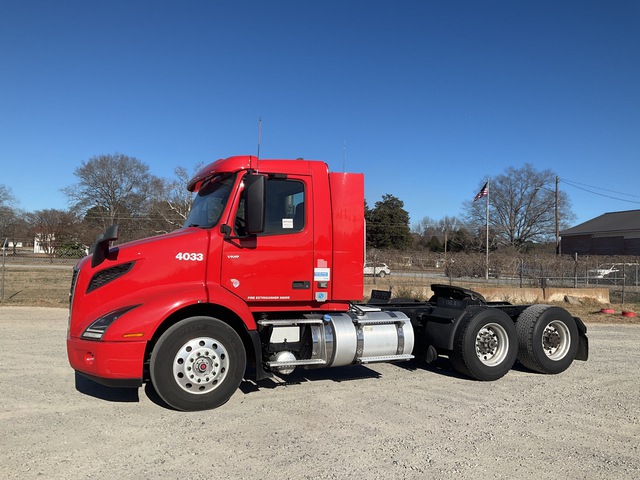 2020 Volvo VNR 6x2 T/A Day Cab Truck Tractor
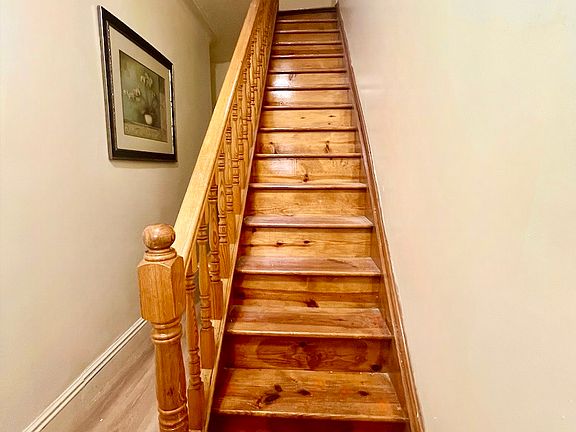 4th image of 203 Moffat St #3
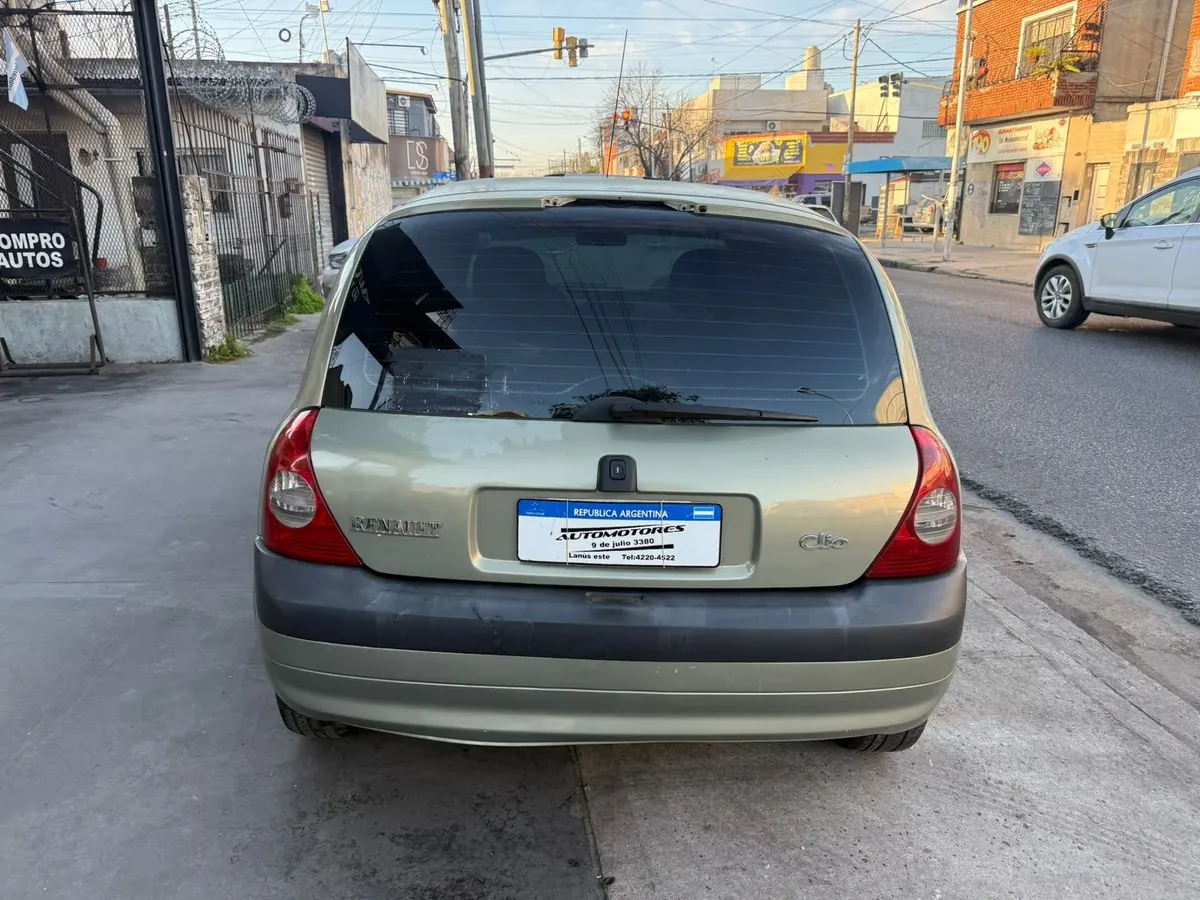 Renault Clio 1.6 Privilege516807400558448645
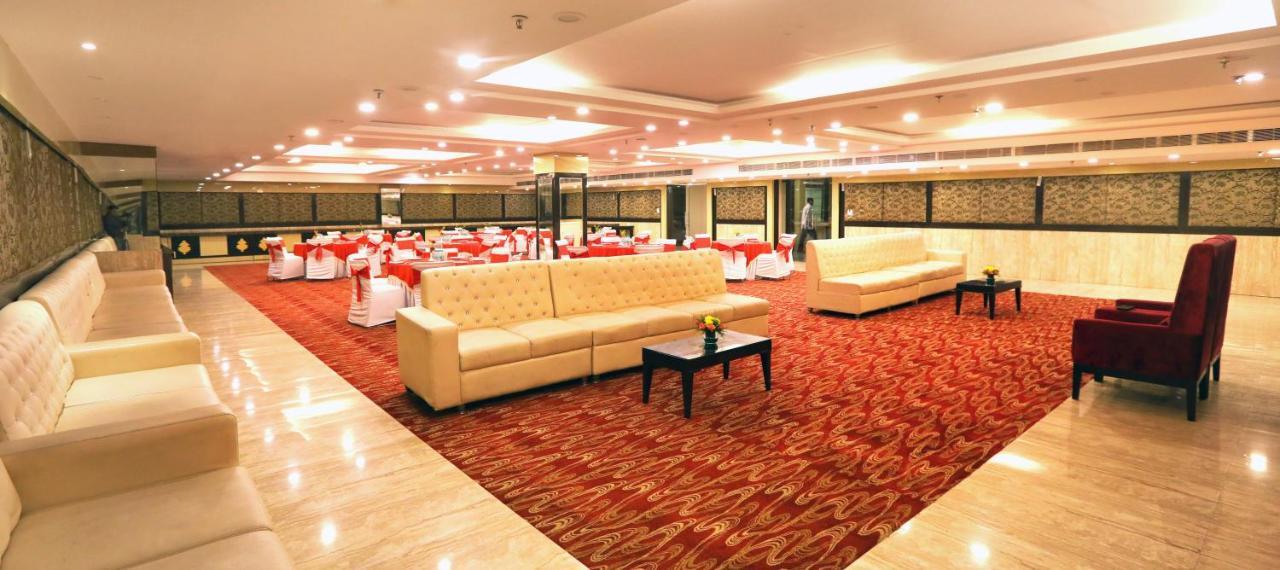 Hotel Pitrashish Pride Igi Intl Airport Delhi エクステリア 写真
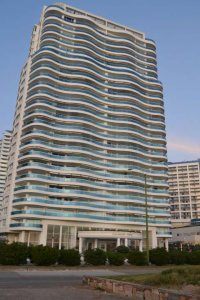 MILLENIUM-TOWER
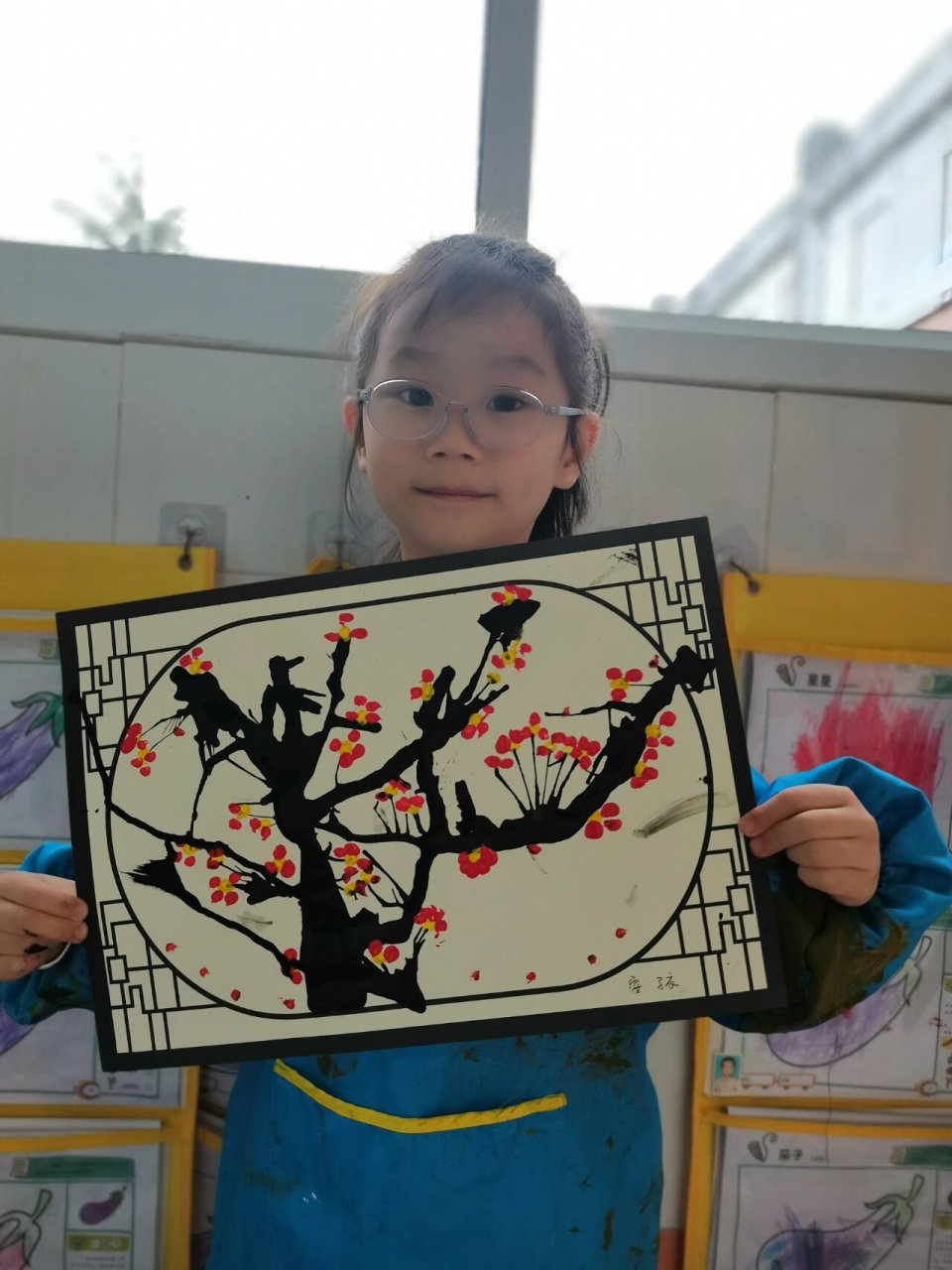 幼儿园儿童画《梅花》 幼儿园大班儿童画 材料:纸,墨水,吸管,棉签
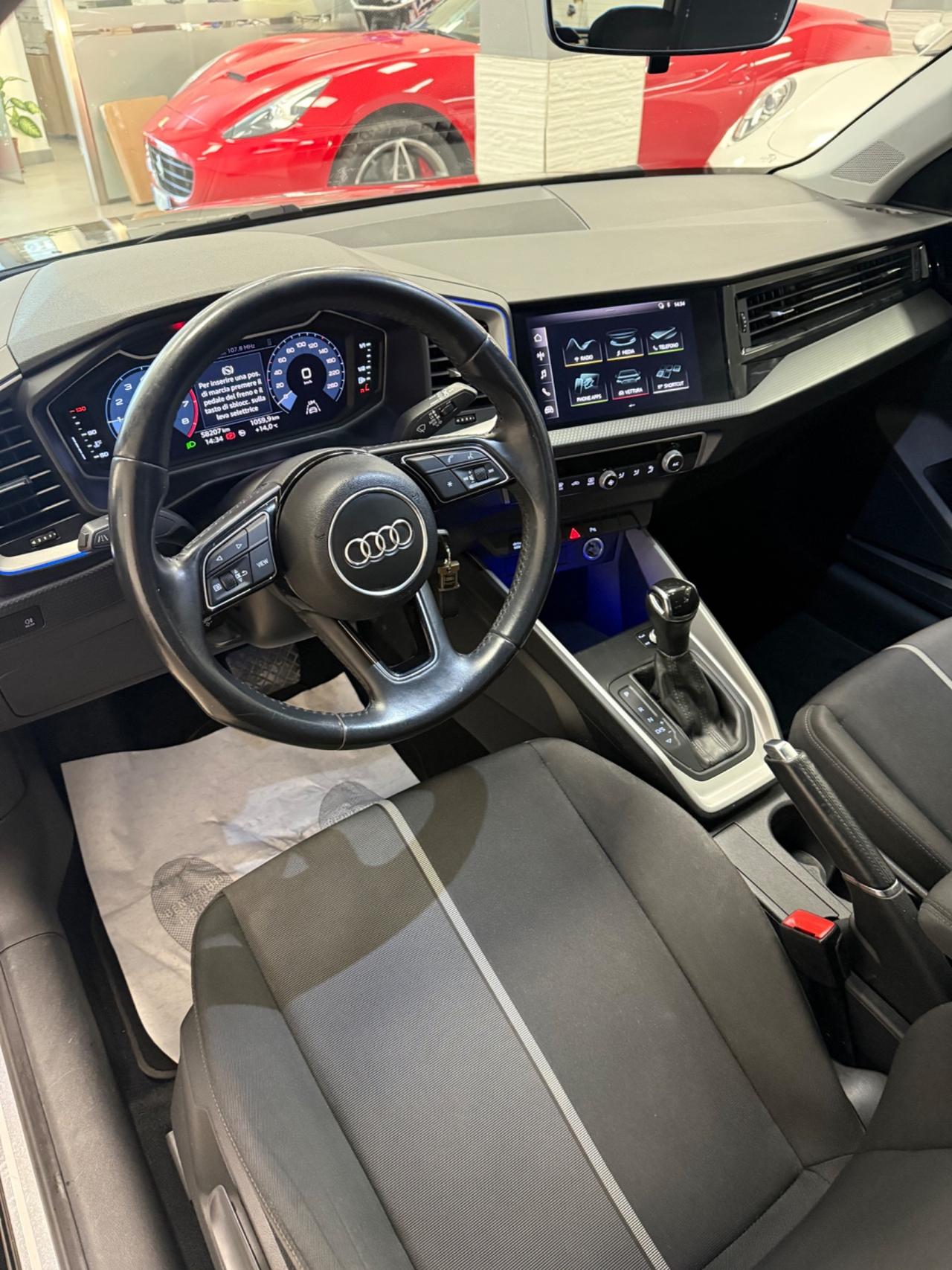 Audi A1 citycarver 30 TFSI S tronic Admired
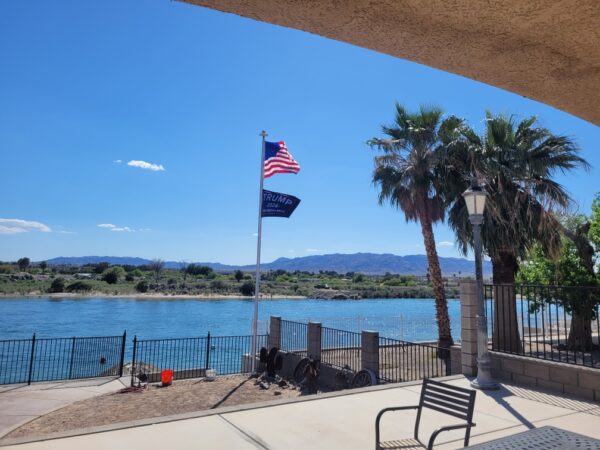 25' commercial grade high wind tapered aluminum flagpole from Bob's Flagpoles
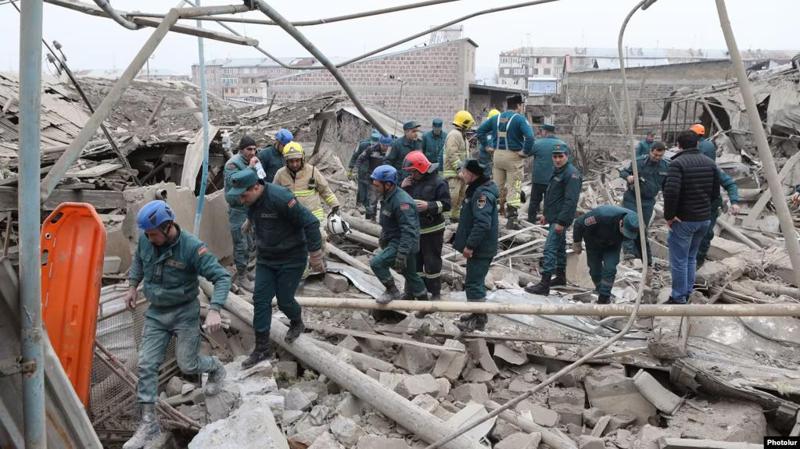 ძლიერი აფეთქება ერევანში - დანგრეულია ორი სახლი, არის მსხვერპლი: რას წერს მედია მომხდარის შესახებ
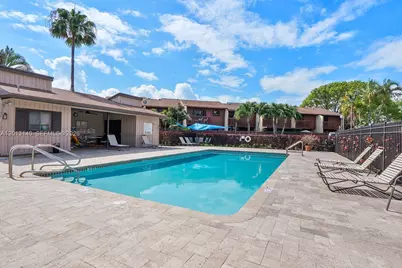462 SE 14th St, Dania Beach, FL 33004 - Photo 31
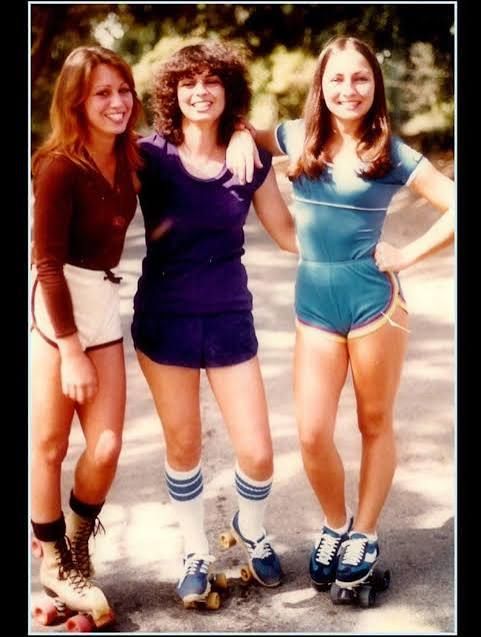 1970s-Inspired Athletic Sets for Casual Skating — Roller Skating Outfits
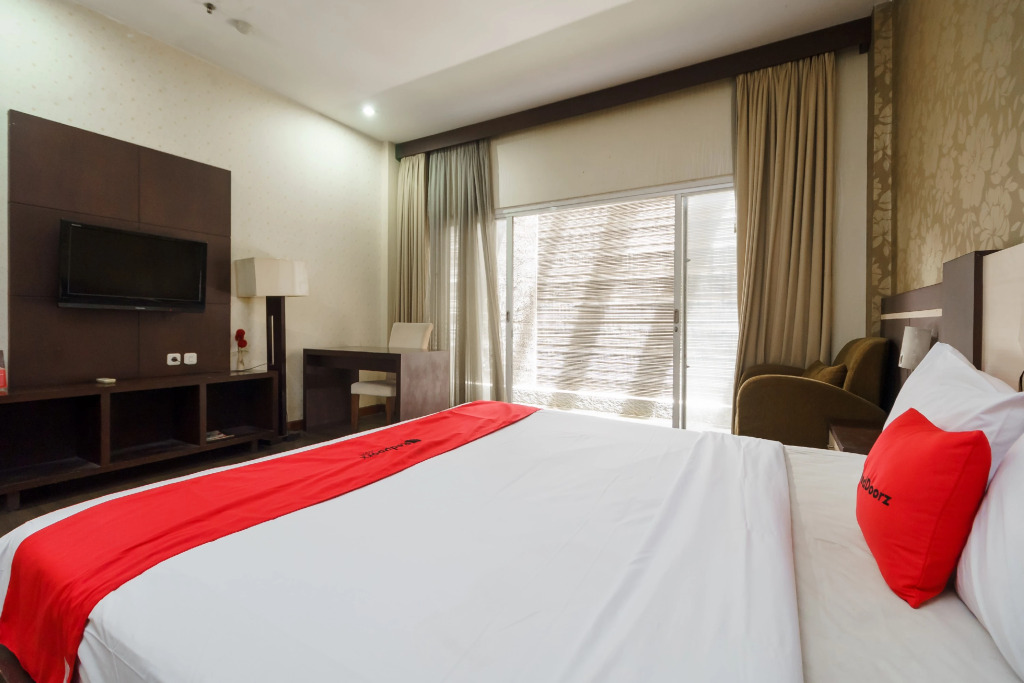 Collection O Cikarang Near Pollux Mall Formerly Hotel Pesona Cikarang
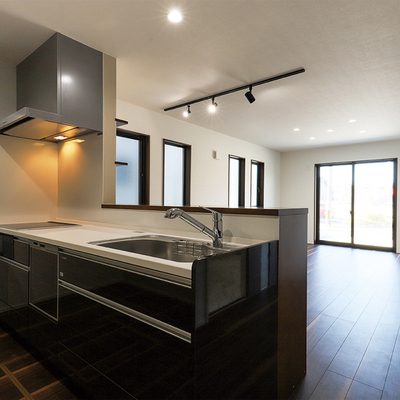 新潟市西区東青山一丁目 未入居戸建 テイラーハウス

──────

Everything from the line containing "ძლიერი აფეთქება ერევანში" through the last line of the entries must be repeated verbatim, except pictures.

 ძლიერი აფეთქება ერევანში - დანგრეულია ორი სახლი, არის მსხვერპლი: რას წერს მედია მომხდარის შესახებ
462 SE 14th St, Dania Beach, FL 33004 - Photo 31
 1970s-Inspired Athletic Sets for Casual Skating — Roller Skating Outfits
 Collection O Cikarang Near Pollux Mall Formerly Hotel Pesona Cikarang
 新潟市西区東青山一丁目 未入居戸建 テイラーハウス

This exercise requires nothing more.